COLLECTED DATA below:

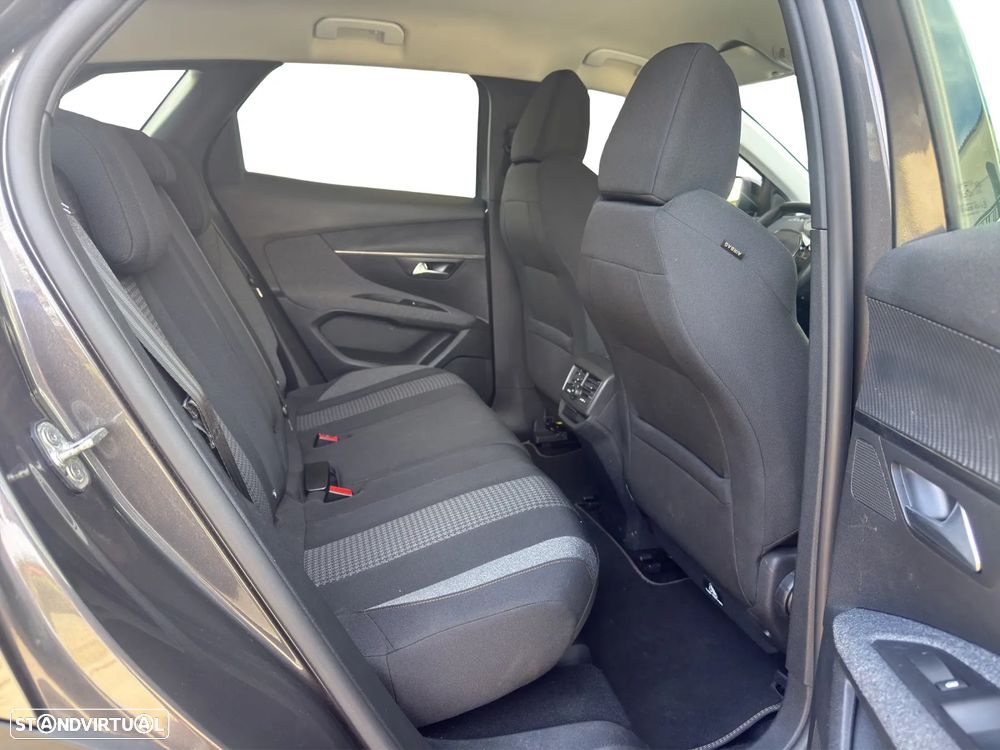 Peugeot 3008 PureTech 130 Stop & Start GPF EAT8 Active - 15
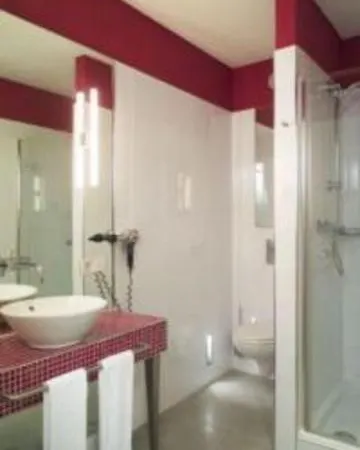 Santo Hotel Kolonia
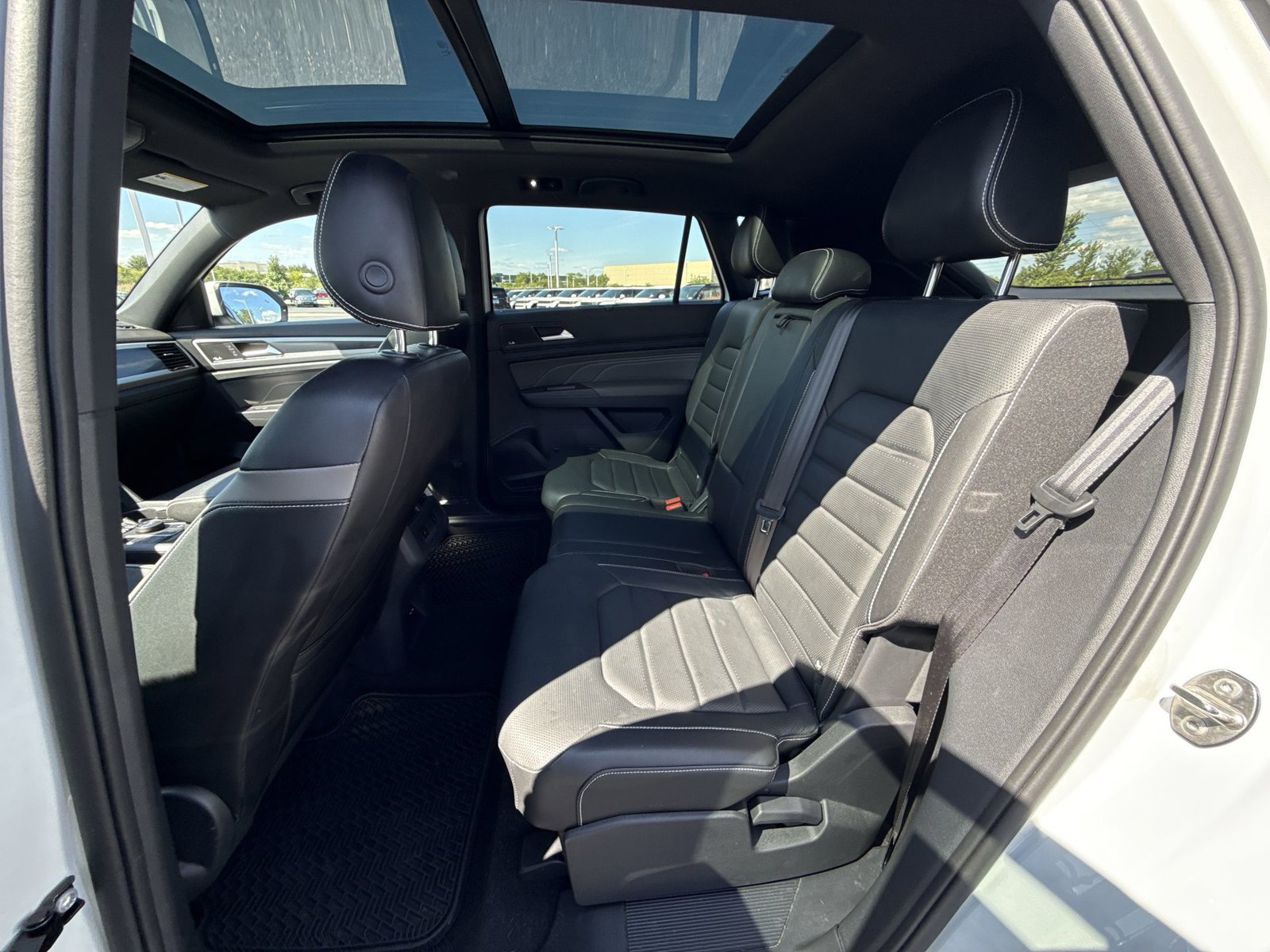 Used 2021 Volkswagen Atlas Cross Sport SEL Premium R-Line w/ Cross Sport MDO Package AWD/4WD image 24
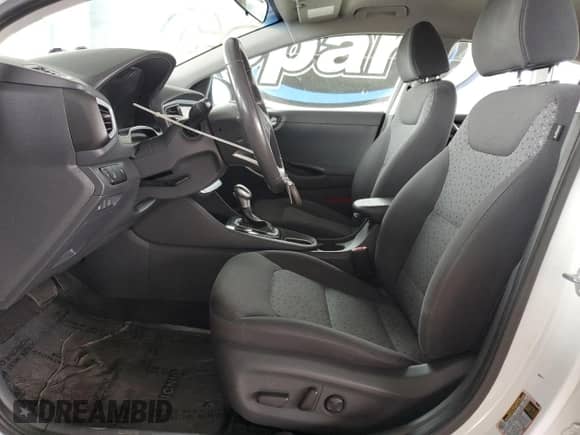 ✅ 2017 Hyundai Ioniq SEL • VIN: KMHC75LC0HU050053 • Lot: 71883445. Wystawiony na Copart z przebiegiem 130 574 mil. Bezpłatny archiwum sprzedaży aukcyjnych z USA i szczegółowy raport historii pojazdu na DreamBid. Zdjęcie 7.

End of COLLECTED DATA.

__EXERCISE__.
Restate the listing word for word, pictures excluded.

__RESULT OF THE EXERCISE__.
 Peugeot 3008 PureTech 130 Stop & Start GPF EAT8 Active - 15
 Santo Hotel Kolonia
 Used 2021 Volkswagen Atlas Cross Sport SEL Premium R-Line w/ Cross Sport MDO Package AWD/4WD image 24
 ✅ 2017 Hyundai Ioniq SEL • VIN: KMHC75LC0HU050053 • Lot: 71883445. Wystawiony na Copart z przebiegiem 130 574 mil. Bezpłatny archiwum sprzedaży aukcyjnych z USA i szczegółowy raport historii pojazdu na DreamBid. Zdjęcie 7.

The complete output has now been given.